Если это и «Илиада», то написана она Гомером, который сильно озабочен своей «созвучностью» господствующим партийным веяниям и указаниям.
НОВЫЕ ВЕЯНИЯ
Недели две назад один из сотрудников московской «Литературной газеты» беседовал на разные темы с популярными советскими юмористами Ильфом и Петровым… Интервью было лишь наполовину серьезно. Писатели в ответах своих пытались потешить публику. Но одно их замечание, — тоже рассчитанное на смех, — по существу, вероятно, вполне точно выражает чувства многих литераторов, живущих и работающих сейчас в России.
– Что вам больше всего понравилось в «Литературной газете» за 1932 год?
Ильф и Петров ответили:
– Постановление ЦК партии от 23 апреля.
Советскому читателю не надо напоминать, что это за постановление. О нем невозможно забыть: нет теперь критической статьи, нет речи или доклада, где бы об этой «исторической» резолюции не говорилось. Оратор восклицает: «Ныне, в свете решений 23 апреля…» — и сразу ясно, что он имеет в виду. Кстати, даже и это выражение «в свете решений» вошло теперь в неизменный обиход при упоминании об апрельской резолюции ЦК, так что, завидев или заслышав этот «свет», советский читатель или слушатель сразу почтительно настораживается — как у Достоевского, кажется, бедный господин Прохарчин вздрагивал и вскакивал с постели, едва произносили при нем канцелярские слова: «неоднократно замечено»…
Здесь у нас положение иное. Несмотря на то, что и в эмиграции, — в частности, в нашей газете, — писалось об апрельской партийной резолюции немало, о ней существует лишь смутное представление. В лучшем случае читатель помнит только, что по этой резолюции была уничтожена Российская ассоциация пролетарских писателей — РАПП в сокращении. Но что произошло дальше, и чем эта мера была вызвана, он почти совсем не знает. Отдельные газетные сведения противоречивы и сбивчивы… Между тем, переворот, произведенный в апреле на верхах советской литературы, действительно значителен. Последствия его начинают сказываться. Если это и не событие «исторического значения», как утверждают в Москве, то, во всяком случае, крупнейшее явление такого рода со времени памятной резолюции 1925 года, когда партия вмешалась в спор Воронского с напостовцами.

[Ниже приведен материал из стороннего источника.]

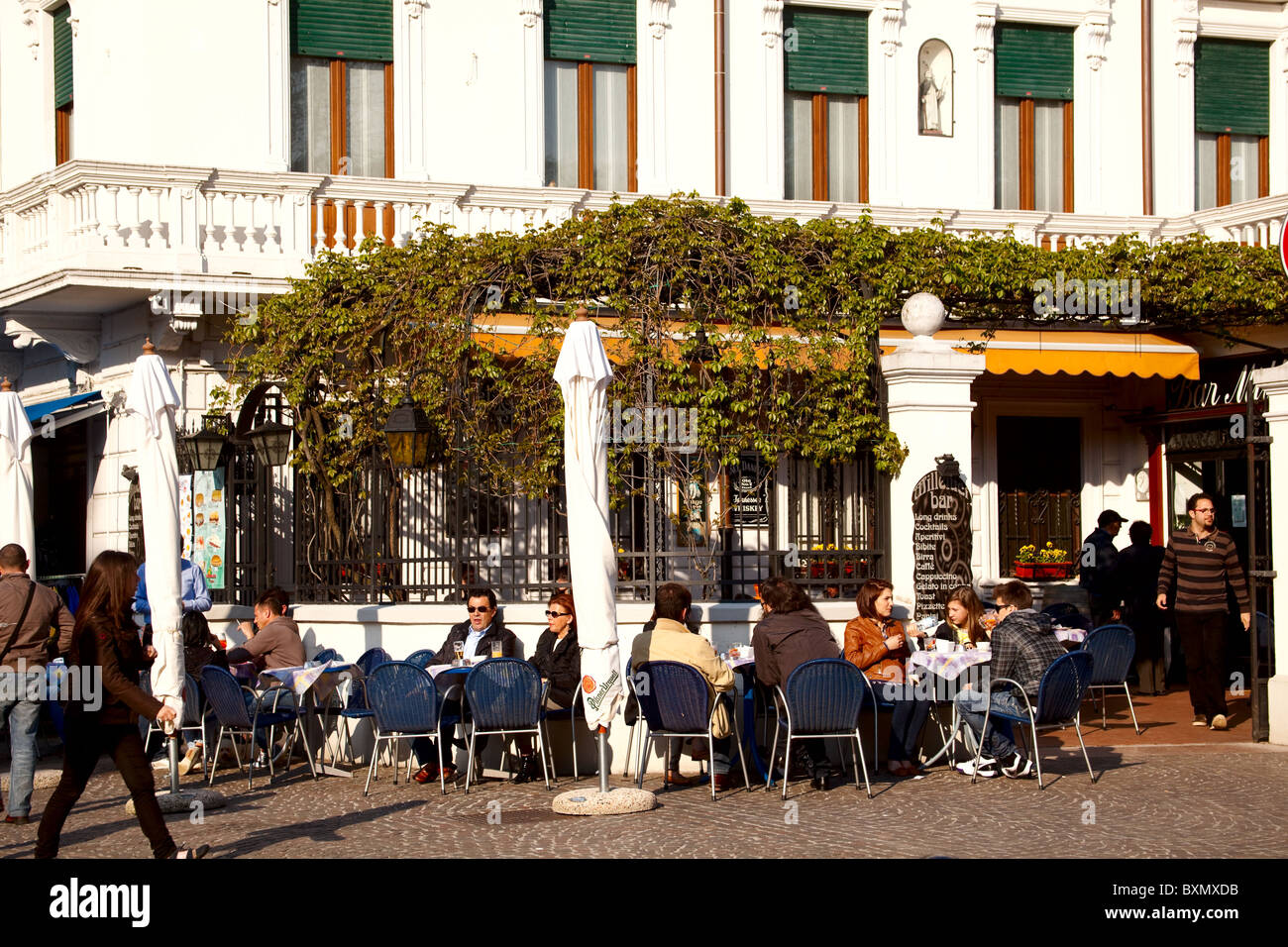 Enjoying a drink on a cafe or hotel terrace in Peschiera sul Garda Lake Garda Italy Stock Photo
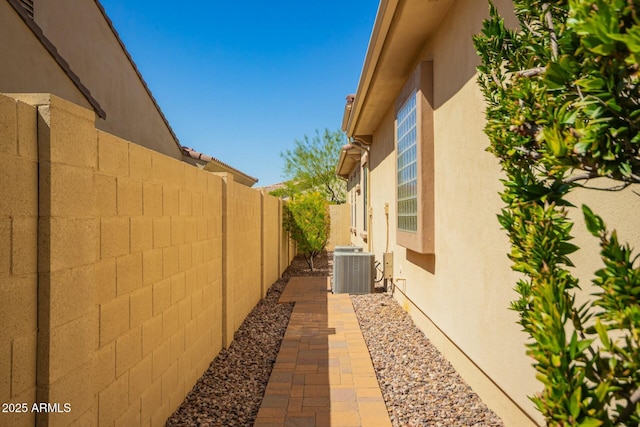 view of side of home with fence, stucco siding, and cooling unit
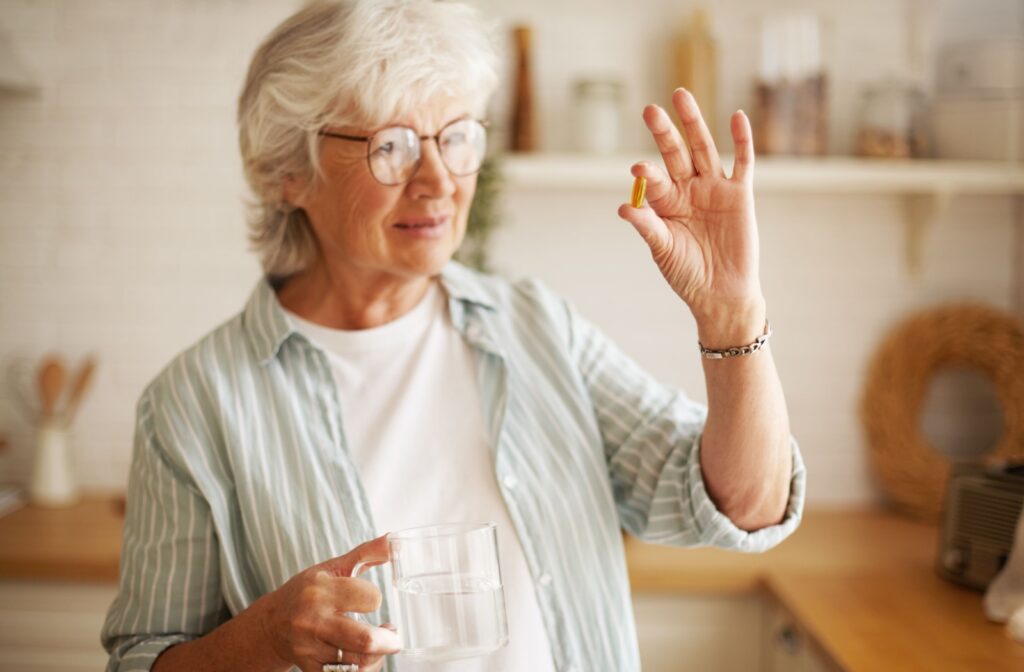 An older adult woman with glasses and white hair holding a vitamin e tablet in her left hand a glass of water in her right hand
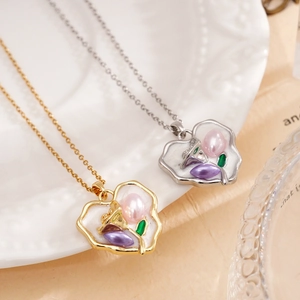 18K gold plated copper heart necklace with enamel flower pendant on a ceramic dish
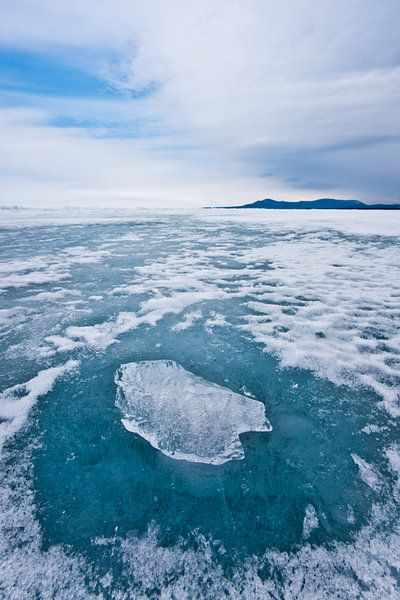 Een stuk doorzichtig ijs op een cirkel van doorzichtig blauw ijs op het ijs van het baikalmeer, berg van Michael Semenov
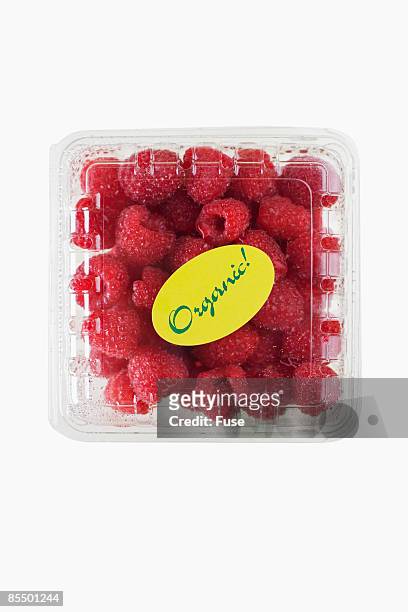 carton of organic raspberries - punnet stock pictures, royalty-free photos & images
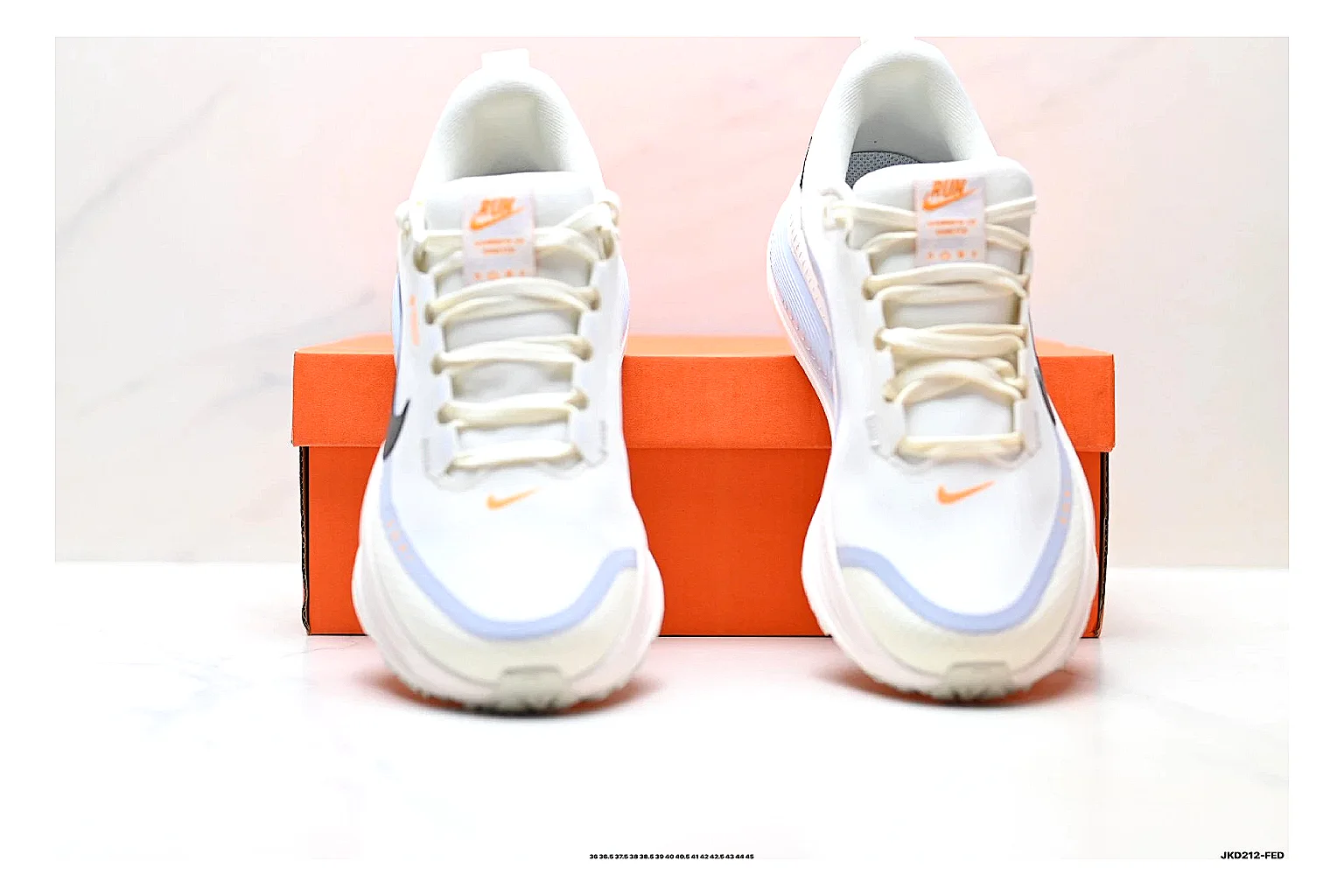Nike Vomero White Orange QC reference photo showing white mesh runner upper, orange accents, layered Vomero-style panels, and cushioned modern sole thumbnail 4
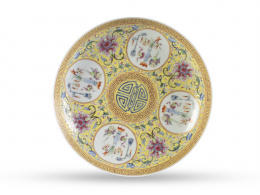 841.  Plato de porcelana esmaltada en amarillo con reservas decorativas de "hundred antiques". Con marca en el reverso.China, ff. del S. XIX.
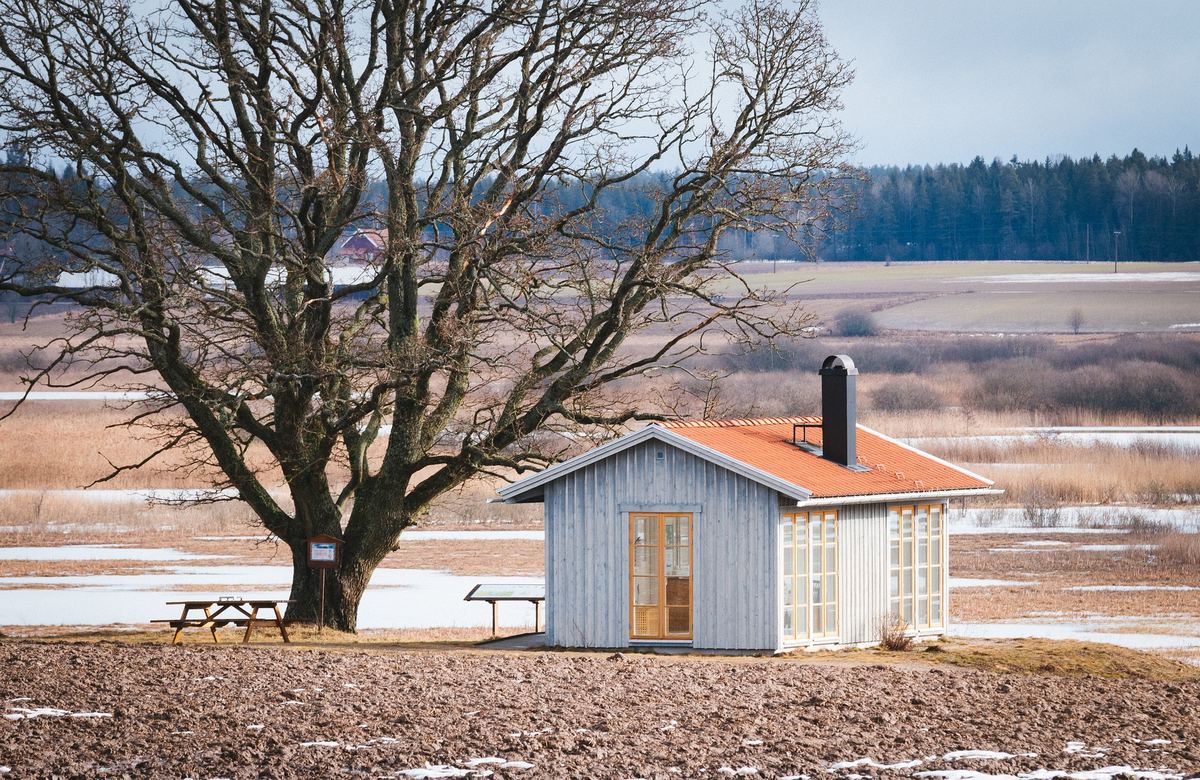 Liten stuga vid en åkerkant en vinterdag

Результаты же могут быть еще заметнее… Тогда случилось нечто странное. Партия стала на сторону сравнительно либерального Воронского, но юркие напостовцы ее перехитрили и быстро прибрали все к своим рукам. Они для виду поколотили себя в грудь, покаялись в ошибках, но тут же обнаружили в резолюции новый скрытый смысл, убедили кого надо в своей правоте — и через год-два оказались господами положения. Произойдет ли и теперь что-нибудь подобное — предсказать трудно. Ничего невозможного в этом нет. Приверженцы «плановой пролетарской диктатуры» в словесности могут оказаться у власти снова. Но теперь у борющихся больше опыта… Поэтому есть основание думать, что сегодняшние победители буду отстаивать свои «достижения» упорнее и ловчее, нежели их предшественники.